The French ambassador's comments were mirrored by his British counterpart, Matthew Rycroft, who called for the emergency Security Council meeting to discuss humanitarian access and press ahead with the airdrops agreed at last month's meeting of the International Syria Support Group.
"It's too little, too late," Rycroft said. "I think that we need to press on with what the ISSG said, which is, in that scenario, there needs to be airdrops."
However, Russia's Ambassador Vitaly Churkin backed land deliveries: "Airdrops are much more complicated and much less effective, and so I think we need to continue to pursue with land deliveries," he said. Russian officials said a 48-hour truce in Daraya had been agreed "with the leadership and the American side" to help with the aid delivery.
A senior UN official said any aid drop would need permission from the Syrian regime and was not imminent.
"I dont think it's (an aid drop) imminent but I think the process that will lead to aid drops has already started," said Ramzy E. Ramzy, UN Deputy Special Envoy for Syria.
He added that the World Food Program had not finalized its plans to distribute essential supplies to besieged towns.
Medical supplies get through
The US State Department welcomed the first deliveries to the town of Daraya since 2012, and a second delivery which reached Moadamiyeh for the first time since March.
The UN believes that between 4,000 to 8,000 people live in the Damascus suburb of Daraya. It has been under a government blockade since residents expelled security forces in the early stages of the 2011 uprising against President Bashar al-Assad.
There was no food in the joint UN, International Committee of the Red Cross, and Syrian Arab Red Crescent convoy that reached Daraya on Wednesday. The shipment included medicines, vaccines, baby formula, and "nutritional items for children," the ICRC said.
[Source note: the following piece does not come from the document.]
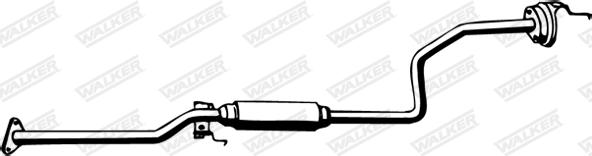 Walker 15144 - Середній глушник вихлопних газів autozip.com.ua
"Clearly, what we brought today will not meet the needs of people in Daraya, and a one-off delivery of food will not either," Krista Armstrong of the ICRC reported. "We need to have repeated and regular access to all people living in besieged places in Syria." The ICRC hopes to return to Daraya with food deliveries on Friday.
Food for Moadamiyeh
Food did reach neighboring Moadamiyeh on Wednesday. It is also under government siege. The 36-truck aid convoy carried the first food supplies that the town has received since February.
The office of the UN envoy for Syria, Staffan de Mistura, said it was reviewing "every possible means" to reach 592,700 people in besieged areas and millions more facing severe food shortages in areas of Syria which are difficult to reach.
De Mistura and Stephen O'Brien, the under-secretary general for humanitarian affairs, will brief Security Council members on Friday.